Diese Marktverhältnisse liegen im Graubereich. Es kann durchaus sein, dass die Unternehmen parallele Preiserhöhungen vornehmen, wie dies bei Coop und Migros oft zu beobachten ist. Klassischerweise ist die implizite Kollusion für die Marktform des Oligopols bekannt, also, wenn sich wenige Unternehmen den Markt teilen. Keine Anreize, um von diesem Parallelverhalten Abstand zu nehmen, haben die Unternehmen dann, wenn sie gemeinsam hohe Marktanteile haben, beachtliche Marktzutrittsschranken existieren und die Marktteilnehmer symmetrisch und die Produkte relativ homogen sind. Als Konsequenz treffen die Unternehmen zwar keine expliziten Absprachen über Preise oder ihr sonstiges Marktverhalten, sie stimmen ihre ökonomische Strategie aber auf die – ihnen bekannte – Produktionsfunktion der jeweils anderen Seite und auf deren zu erwartendes Verhalten ab. Folglich können die Unternehmen für ihre Produkte oder Dienstleistungen einen suprakompetitiven Preis verlangen, anstatt dass sich – wie bei vollkommenem Wettbewerb – der Preis auf das Grenzkostenniveau einpendelt.
Was also bedeutet das nun für Migros, Coop und den Schweizer Markt?
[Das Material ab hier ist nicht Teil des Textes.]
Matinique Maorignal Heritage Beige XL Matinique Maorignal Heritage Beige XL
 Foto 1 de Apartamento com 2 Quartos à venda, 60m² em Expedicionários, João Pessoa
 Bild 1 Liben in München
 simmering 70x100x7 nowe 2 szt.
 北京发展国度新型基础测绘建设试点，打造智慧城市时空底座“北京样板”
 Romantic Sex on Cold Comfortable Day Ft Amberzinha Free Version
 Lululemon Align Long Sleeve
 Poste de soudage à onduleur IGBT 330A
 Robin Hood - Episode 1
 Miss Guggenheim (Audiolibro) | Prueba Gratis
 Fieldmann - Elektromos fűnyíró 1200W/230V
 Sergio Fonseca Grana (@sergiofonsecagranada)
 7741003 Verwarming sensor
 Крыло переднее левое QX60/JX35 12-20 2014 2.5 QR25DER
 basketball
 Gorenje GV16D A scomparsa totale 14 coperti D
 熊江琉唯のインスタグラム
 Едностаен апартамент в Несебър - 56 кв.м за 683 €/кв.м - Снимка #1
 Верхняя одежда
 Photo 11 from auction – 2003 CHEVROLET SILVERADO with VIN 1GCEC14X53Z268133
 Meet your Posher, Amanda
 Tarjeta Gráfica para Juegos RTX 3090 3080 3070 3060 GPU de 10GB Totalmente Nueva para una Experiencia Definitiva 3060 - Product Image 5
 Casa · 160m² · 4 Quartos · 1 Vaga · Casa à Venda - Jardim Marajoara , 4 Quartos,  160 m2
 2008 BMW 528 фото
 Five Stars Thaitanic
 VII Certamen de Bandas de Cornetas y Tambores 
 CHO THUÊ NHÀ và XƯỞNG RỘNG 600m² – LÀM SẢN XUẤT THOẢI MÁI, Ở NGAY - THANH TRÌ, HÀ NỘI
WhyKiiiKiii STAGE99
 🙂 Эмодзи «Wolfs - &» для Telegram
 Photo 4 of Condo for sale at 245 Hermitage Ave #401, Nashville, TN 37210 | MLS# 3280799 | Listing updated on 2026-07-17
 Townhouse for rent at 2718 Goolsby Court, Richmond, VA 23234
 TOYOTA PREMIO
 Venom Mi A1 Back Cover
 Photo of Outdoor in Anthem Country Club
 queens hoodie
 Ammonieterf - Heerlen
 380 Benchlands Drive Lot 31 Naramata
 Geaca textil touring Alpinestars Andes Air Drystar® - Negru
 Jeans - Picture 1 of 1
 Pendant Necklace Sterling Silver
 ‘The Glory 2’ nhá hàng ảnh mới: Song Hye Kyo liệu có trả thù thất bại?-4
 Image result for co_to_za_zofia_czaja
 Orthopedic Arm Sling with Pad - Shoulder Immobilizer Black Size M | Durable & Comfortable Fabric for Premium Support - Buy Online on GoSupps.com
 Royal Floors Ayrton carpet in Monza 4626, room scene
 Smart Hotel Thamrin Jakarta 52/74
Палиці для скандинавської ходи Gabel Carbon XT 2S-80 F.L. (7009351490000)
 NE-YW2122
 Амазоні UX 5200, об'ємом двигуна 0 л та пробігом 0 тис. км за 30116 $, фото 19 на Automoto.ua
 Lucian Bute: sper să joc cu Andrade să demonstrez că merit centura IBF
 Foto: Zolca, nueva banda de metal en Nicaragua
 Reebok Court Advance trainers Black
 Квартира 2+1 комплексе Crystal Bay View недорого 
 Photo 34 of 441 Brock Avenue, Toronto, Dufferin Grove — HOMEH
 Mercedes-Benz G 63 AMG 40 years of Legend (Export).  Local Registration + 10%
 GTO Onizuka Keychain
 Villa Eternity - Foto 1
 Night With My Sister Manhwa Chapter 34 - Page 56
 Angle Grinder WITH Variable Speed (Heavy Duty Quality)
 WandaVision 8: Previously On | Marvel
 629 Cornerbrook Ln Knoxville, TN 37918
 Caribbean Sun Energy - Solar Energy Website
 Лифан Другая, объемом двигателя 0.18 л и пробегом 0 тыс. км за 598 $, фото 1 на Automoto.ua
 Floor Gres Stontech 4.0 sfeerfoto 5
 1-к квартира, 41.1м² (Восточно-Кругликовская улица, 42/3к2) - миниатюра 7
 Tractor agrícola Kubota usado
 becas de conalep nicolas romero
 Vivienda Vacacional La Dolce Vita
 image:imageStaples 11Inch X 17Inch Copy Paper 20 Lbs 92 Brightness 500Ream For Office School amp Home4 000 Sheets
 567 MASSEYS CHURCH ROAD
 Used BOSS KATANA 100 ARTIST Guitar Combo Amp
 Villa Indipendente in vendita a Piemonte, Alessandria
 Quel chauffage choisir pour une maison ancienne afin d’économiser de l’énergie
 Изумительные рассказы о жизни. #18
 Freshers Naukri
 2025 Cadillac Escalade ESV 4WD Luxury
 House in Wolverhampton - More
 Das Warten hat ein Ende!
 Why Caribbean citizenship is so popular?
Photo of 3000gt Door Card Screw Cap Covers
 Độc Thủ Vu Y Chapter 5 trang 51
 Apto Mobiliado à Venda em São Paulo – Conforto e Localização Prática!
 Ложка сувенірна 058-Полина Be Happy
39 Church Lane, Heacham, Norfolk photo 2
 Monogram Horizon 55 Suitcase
Der immer stärkeren Kritik ausgesetzt wäre es für Migros und Coop ev. tatsächlich zielführend, ihre Margenpolitik bei Bioprodukten offenzulegen, um ihre Beteuerungen, keine erhöhten Gewinne abzuschöpfen, mit Fakten zu untermauern. Für uns Konsumierende bedeutet das – und ich hätte nicht gedacht, dass ich die einmal so äussere – dass die Konkurrenz durch Aldi und andere Discounter, solange sie anständige Produzentenpreise bezahlen, auf dem Schweizer Markt tatsächlich eine gute Entwicklung bedeutet. Welcome to Switzerland, Aldi!